Would you please return the data below verbatim, without its pictures?

[Short text fragments from websites]
[Start of section]
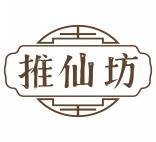 推仙坊 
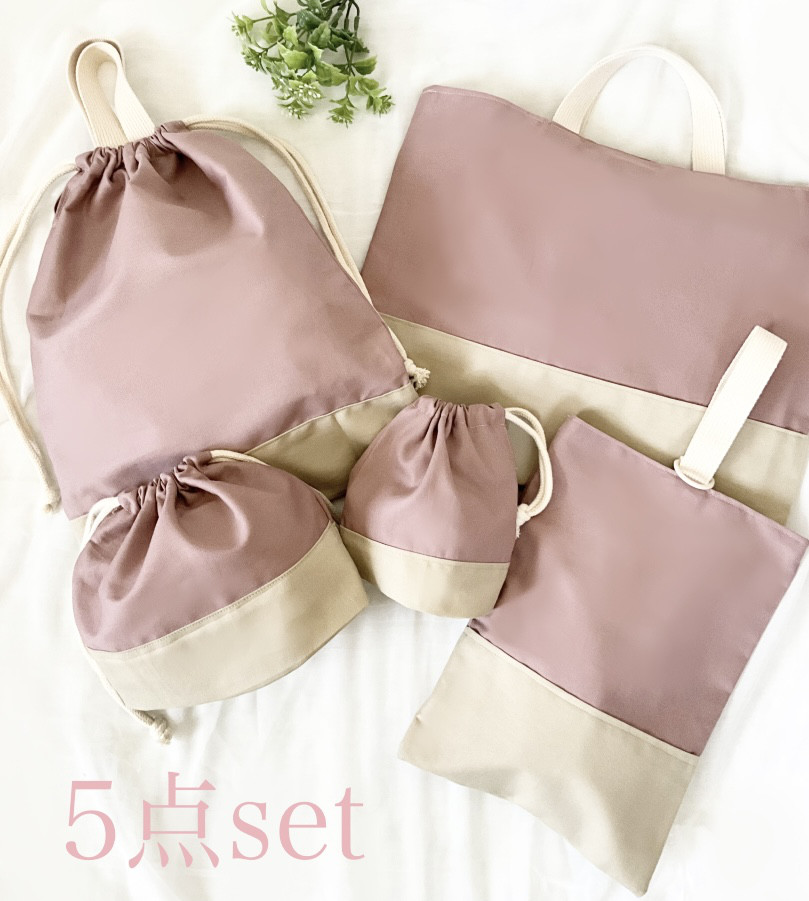 くすみカラーの入園入学グッズ　5点セット　レッスンバッグ　体操服袋　上履き服袋コップ袋　お弁当袋　くすみピンク　シンプル
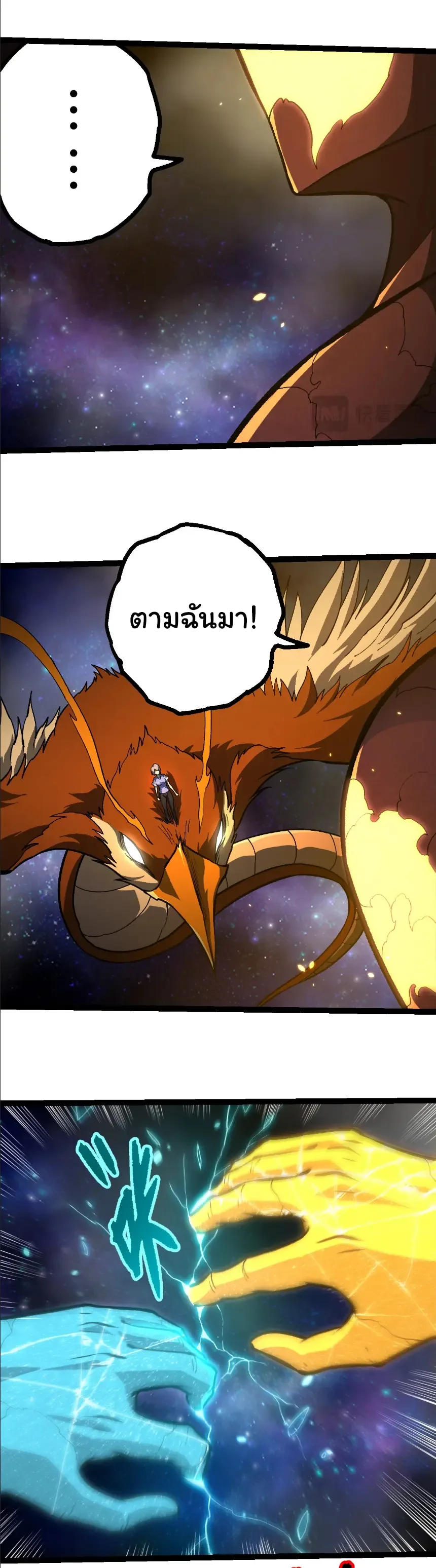 Evolution from the Big Tree เกิดใหม่กลายเป็นต้นไม้ซะอย่างงั้น ตอนที่ 397 หน้า 7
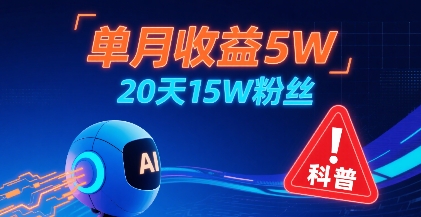 单月收益5W，20天15W粉丝，AI做儿童防拐科普视频，互动超高-缘艺创业网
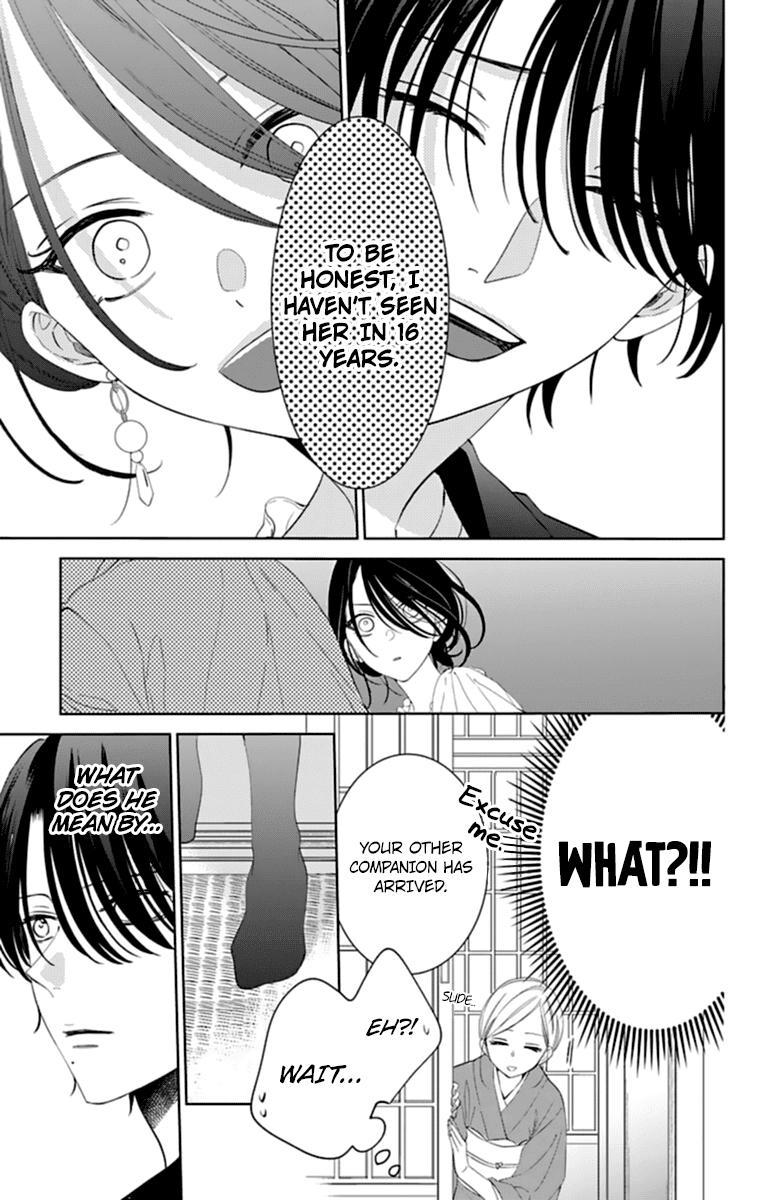 Read Namaikizakari chapter 131 image 12 on Lezhin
[End of section]
§ **TASK RESULT**:
 推仙坊 
 くすみカラーの入園入学グッズ　5点セット　レッスンバッグ　体操服袋　上履き服袋コップ袋　お弁当袋　くすみピンク　シンプル
 Evolution from the Big Tree เกิดใหม่กลายเป็นต้นไม้ซะอย่างงั้น ตอนที่ 397 หน้า 7
 单月收益5W，20天15W粉丝，AI做儿童防拐科普视频，互动超高-缘艺创业网
 Read Namaikizakari chapter 131 image 12 on Lezhin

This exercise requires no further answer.